Crawled caption data

· · · · ·

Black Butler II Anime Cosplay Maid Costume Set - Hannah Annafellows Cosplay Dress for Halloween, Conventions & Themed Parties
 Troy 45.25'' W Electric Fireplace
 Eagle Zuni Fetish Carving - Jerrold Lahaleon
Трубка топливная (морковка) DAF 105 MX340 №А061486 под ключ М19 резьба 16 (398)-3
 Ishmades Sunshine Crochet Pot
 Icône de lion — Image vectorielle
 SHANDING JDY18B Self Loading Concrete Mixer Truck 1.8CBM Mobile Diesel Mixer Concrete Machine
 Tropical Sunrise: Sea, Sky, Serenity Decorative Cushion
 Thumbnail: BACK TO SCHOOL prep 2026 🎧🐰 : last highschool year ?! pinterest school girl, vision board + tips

· · · · ·

#### Aim of the exercise:
Once you find the line containing "SHANDING JDY18B Self", stop: reproduce exactly that line and every line of the data before it, and nothing else.

#### Answer to this problem:
Black Butler II Anime Cosplay Maid Costume Set - Hannah Annafellows Cosplay Dress for Halloween, Conventions & Themed Parties
 Troy 45.25'' W Electric Fireplace
 Eagle Zuni Fetish Carving - Jerrold Lahaleon
Трубка топливная (морковка) DAF 105 MX340 №А061486 под ключ М19 резьба 16 (398)-3
 Ishmades Sunshine Crochet Pot
 Icône de lion — Image vectorielle
 SHANDING JDY18B Self Loading Concrete Mixer Truck 1.8CBM Mobile Diesel Mixer Concrete Machine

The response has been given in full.